### DATA LISTING

-=-=-

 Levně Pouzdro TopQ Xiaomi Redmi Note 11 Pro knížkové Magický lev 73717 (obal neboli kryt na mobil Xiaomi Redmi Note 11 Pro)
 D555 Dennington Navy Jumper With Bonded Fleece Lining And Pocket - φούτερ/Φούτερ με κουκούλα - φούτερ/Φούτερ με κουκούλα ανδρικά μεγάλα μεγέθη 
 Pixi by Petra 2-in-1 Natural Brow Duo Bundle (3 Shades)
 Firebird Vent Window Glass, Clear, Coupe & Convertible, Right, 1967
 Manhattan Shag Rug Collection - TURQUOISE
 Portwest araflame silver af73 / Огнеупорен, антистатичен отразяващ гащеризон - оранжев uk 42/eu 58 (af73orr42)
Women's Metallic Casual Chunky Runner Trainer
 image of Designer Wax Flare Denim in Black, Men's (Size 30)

-=-=-

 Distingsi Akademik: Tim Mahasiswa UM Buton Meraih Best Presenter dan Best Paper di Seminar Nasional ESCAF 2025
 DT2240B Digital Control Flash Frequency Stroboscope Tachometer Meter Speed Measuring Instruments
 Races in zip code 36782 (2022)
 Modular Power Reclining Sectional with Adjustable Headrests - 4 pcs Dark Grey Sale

-=-=-

### TASK TO CARRY OUT
Given the records above, return exactly the lines starting at the line containing "Portwest araflame silver" and ending at the line containing "image of Designer", including both.

### ANSWER AREA
 Portwest araflame silver af73 / Огнеупорен, антистатичен отразяващ гащеризон - оранжев uk 42/eu 58 (af73orr42)
Women's Metallic Casual Chunky Runner Trainer
 image of Designer Wax Flare Denim in Black, Men's (Size 30)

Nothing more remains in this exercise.